Diablo Cody who won an Academy Award for writing Juno is back this time aiming that talent for strong witty dialogue at a ghost writer of young adult fiction who has never grown emotionally since her high school years at the top of the food chain. Charlize Theron is never afraid to show the ugly side of her beautiful face is Mavis Gary who returns home to the fictional Mercury, MN in hopes of picking up where she left off with her old boyfriend.
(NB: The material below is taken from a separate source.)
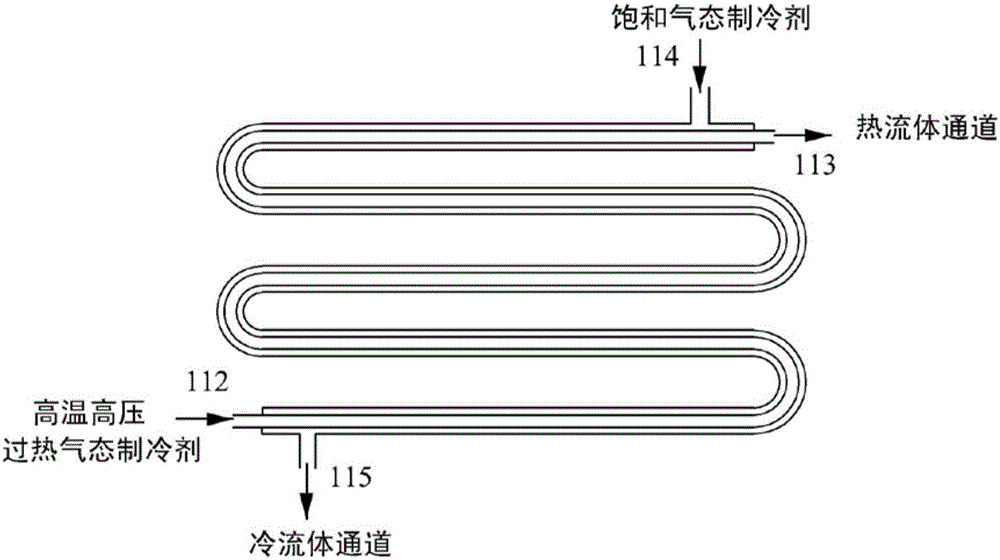 A dual-injection and double-regeneration combined synergistic refrigeration cycle system for dual-temperature refrigerators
When she left Mercury, Mavis had wanted to become a writer in her own right. Instead she became a ghost writer unable to take the credit for a successful young adult book series that is on it's ebb. Under the gun to submit the last manuscript, she gets an bulk email announcement of the birth of first child for her ex-boyfriend Buddy Slade (Patrick Wilson). Soon she is packing up her white Pomeranian into her Mini Cooper to drive from the big city of Minneapolis to her hometown of Mercury while playing “their song” over and over. While Mavis is attractive outside, her inner life is a mess. She's personally slovenly and is a sociopath. She sincerely and mistakenly believes that Buddy really wants to be with her and not married with a brat. Mavis calls some old friends, but no one has time for her. So dressed to kill she heads out to the local bar where she runs into Matt Freehauf (Patton Oswalt) who had the locker next to hers. He was invisible at high school except when a rumor came around that he was gay. He suffered a horrific beating that left him with a crippled leg. Matt takes Mavis to another local hangout where she runs into Buddy who asks her for an autograph for a niece and to come hear his wife's (Twilight's Elizabeth Reaser) band of housewives where she is the drummer. In Mavis's mind these courteous niceties are considered an overture from Buddy to get back together. The more she misunderstands, the more combative she gets and the more she drinks. It all culminates at the baby naming party where she throws a huge scene.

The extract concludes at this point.